I have been very quiet in the last weeks. Several reasons for it: laziness (always), slow and irregular Internet connection, lack of inspiration, but also because we've had to go away for a few weeks rather unexpectedly. After three weeks in the UK and in France (we loved it!), it felt so good to be “home” again.
Ben was in South Africa, which meant I had to travel on my own with the girls. Luckily he was able to meet me half way across... in Addis Ababa. So the first leg of the journey, a day flight from Harare to Addis via Lusaka was very
smooth chaotic. Neither Amandine nor Zélie slept and I became any air-plane passenger's worst flying nightmare: the mum who can't control her kids. A few tears were shed and I must confess some were mine too. By that point the air hostess had managed to calm Zélie down (a task in which I, the mum, had failed, only to reinforce the point in my fellow passenger's mind I'm sure). I have unlimited gratefulness to the passenger sitting right next to us, a very experienced Egyptian diplomat back from a high flying inter-African summit who, after having been kicked a 100 times by my darling daughters, alleviated a bit of my embarrassment by telling me that for sure, there is no way his grand-children would have behaved as well as my girls and that I was doing amazingly well. In Addis, Ben and I found each other straight away and I stopped feeling too sorry for myself.

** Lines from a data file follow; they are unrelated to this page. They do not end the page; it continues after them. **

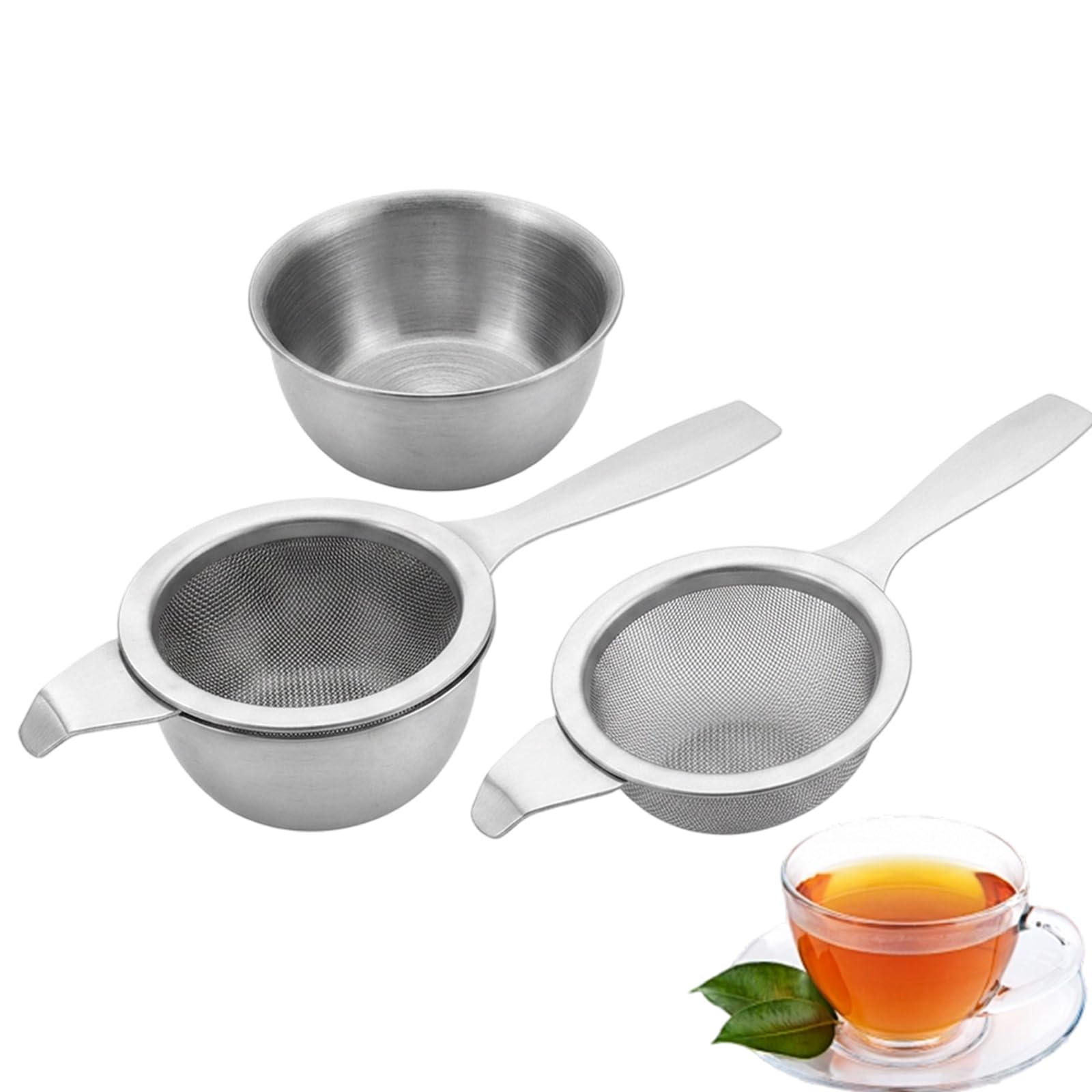 2 Sets Tea Strainers for Loose Tea, Tea Strainer, Complete with Filter and Base, Ideal for Loose Leaf Tea Lovers at Home, Office or During Travel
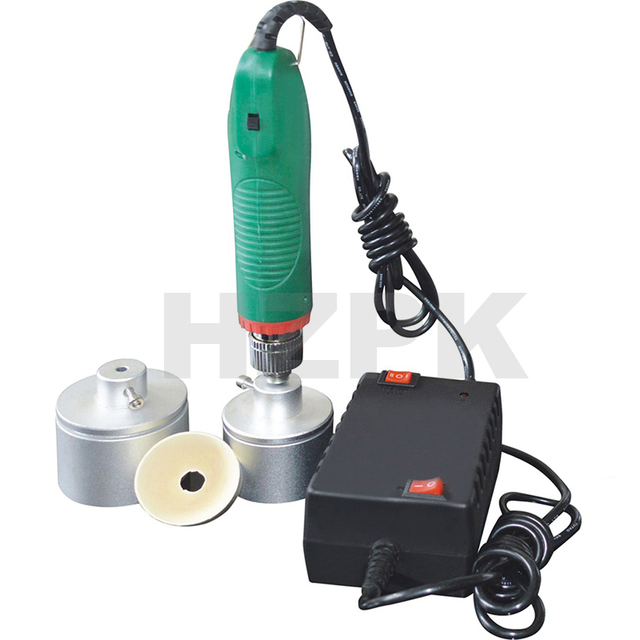 HZPK Twist Off Screw Plastic Cap Manual Perfume Pet Plastic Bottle Jar Handheld Electric Capping Machine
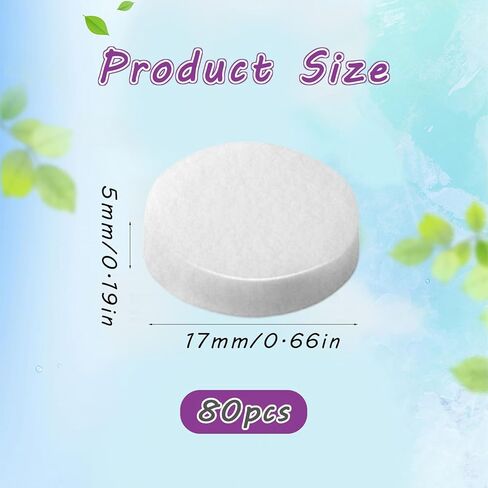 17 mm Car Air Freshener Refill Felt Pads - 80 PCS Unscented Essential Oil Perfume Refill Pads, Air Freshener Replacement Pad, Universal Essential Oil Diffuser Pad for Vent Clips, Home, Car Use in Kuwait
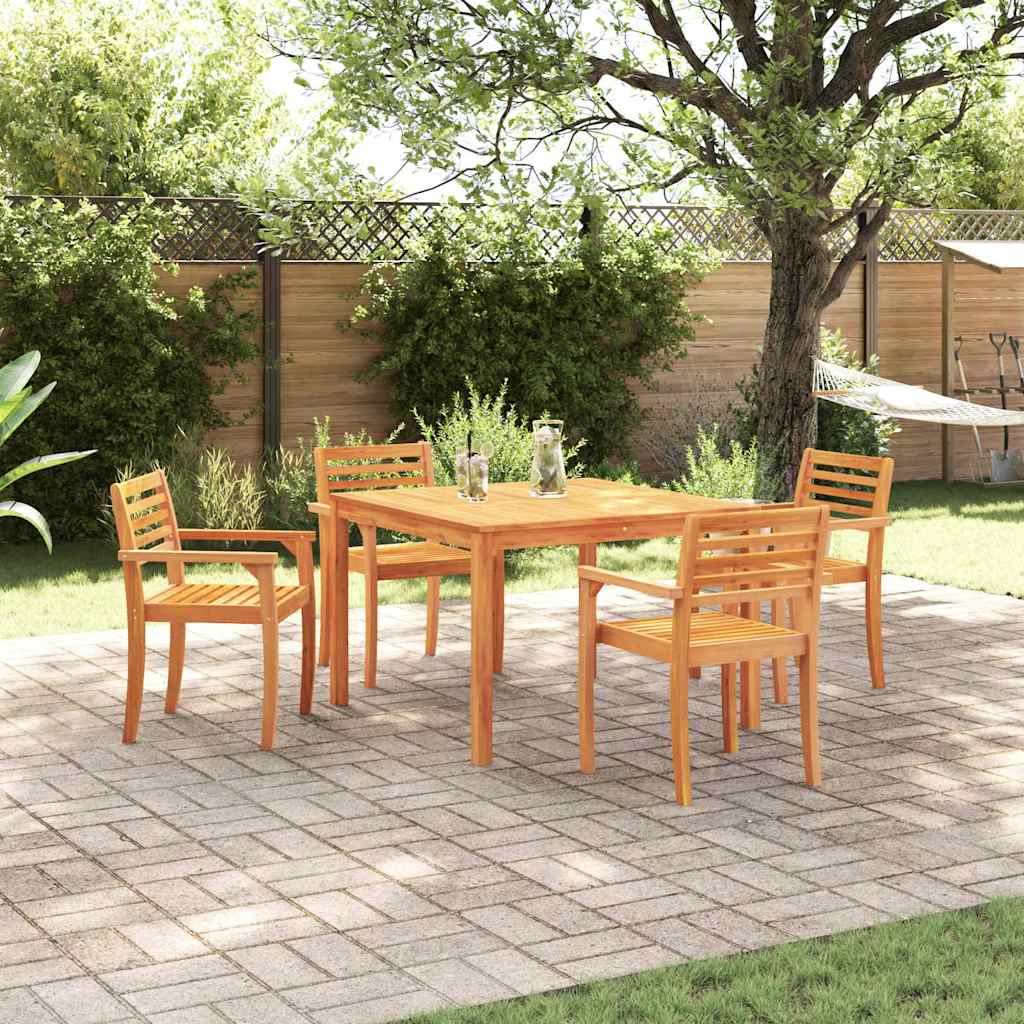 Tuin eettafelset 5 pcs Bruin Massief Acaciahout – afbeelding 1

Coming back was eventful too. In London, we were not allocated a bassinet for Zélie and were promised some extra seats instead only to find on board that this wasn't the case (if anyone has ever experienced keeping an exhausted wriggly Zélie on one's lap for 10 minutes, one might understand what kind of misfortune I am talking about). So Ben argued for 20 minutes with every single member of staff on the plane... and we eventually got what we needed.

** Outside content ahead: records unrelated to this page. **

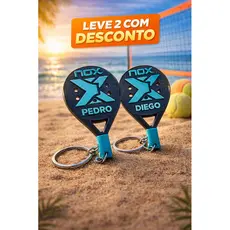 Chaveiro Personalizados Raquete Beach Tennis com Nome | Presente Criativo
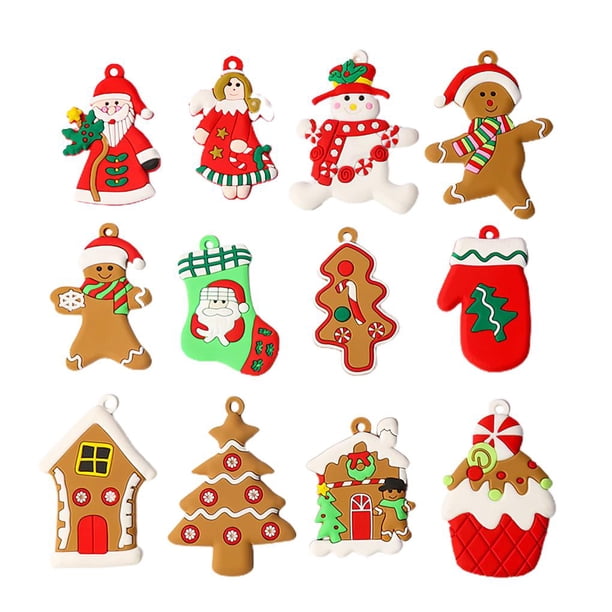 De Adornos De Hombre De Jengibre, Colgantes De Pan De Jengibre De Pvc, De Navidad, Estatuilla Artesanal Para Decoración De Festivales De Árboles De Navidad12 Piezas 2 Piezas Serendint HA013803-00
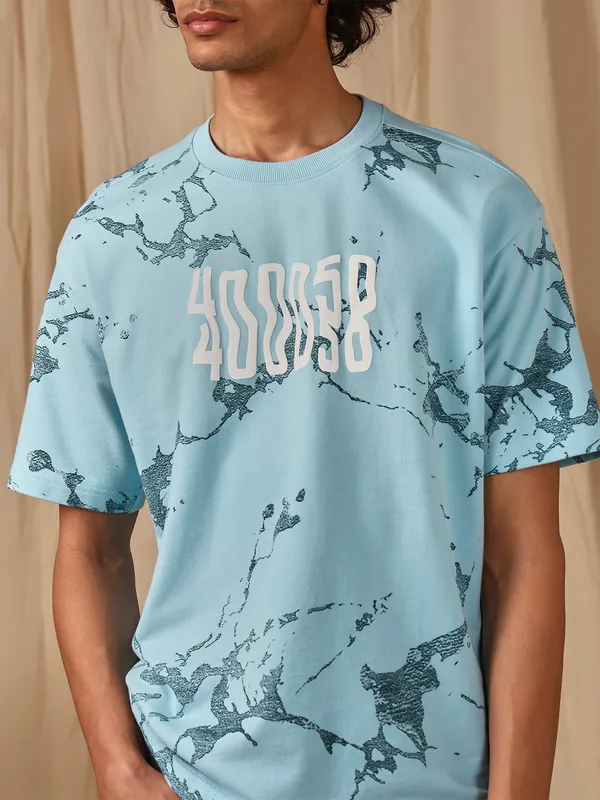 MUFTI sky blue printed cotton t-shirt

In Addis, we battled again to get the buggy out, which we were promised was going to be available on arrival. So we waited and waited and eventually got it. By that point, Amandine was feeling rather unwell. We thought it was due to lack of sleep but then noticed a couple of spots on her little body and she definitely had a temperature. We looked for some airport medical assistance, and found a friendly nurse who examined her. She couldn't find any cause for the symptoms but was eager to offer an injection (of what? I have no idea). We thought the trauma of an injection would be worse that any relief she would get from it and opted out of the friendly offer. As Ben checked out flight details, he bumped into some worried passengers in transit over a middle aged Belgian guy who was obviously not feeling well but had some problems to communicate. Ben thought it would be helpful if I could speak to him in French. Unfortunately, I didn't get any further with my attempt to get any information from him (name, flight, etc.). We were told that the man had been sitting there for about two hours after collapsing, hurting his forehead and had missed his connection. It sounded too much like a stroke. An African lady who was trying to assist, a French speaker as well, encouraged us to do something about it because “at least, they will listen to you” i.e. because you are not African. So Ben went to get the well-meaning nurse again, who said she had seen the man already but had given up because he couldn't communicate! To which Ben responded that what that man needed was to be taken to hospital. By the time we boarded, the man had disappeared from the airport hall and I just hope he was able to receive appropriate medical care on time.
So we got to Harare airport and waited and waited and waited to get our passports stamped and collect our luggage but received a wonderful welcome from some of Tearfund Zimbabwe's members of staff, and found that one of the Tearfund vehicle had been clamped - it had not been parked perfectly straight (!). The Nicholson family got into the other car whilst we left Edward sorting this out. We got home at last, and were so pleased to be greeted by a smiley Pedzi. As it turned out, Amandine was having chicken pox (for the second time) and must have been the happiest of us all to arrive!
Anyway, we loved the whole experience so much that we decided to fly all the way back to Europe again (Ethiopian again) in three weeks time. And surprise surprise, I find it extremely hard to contain my excitement.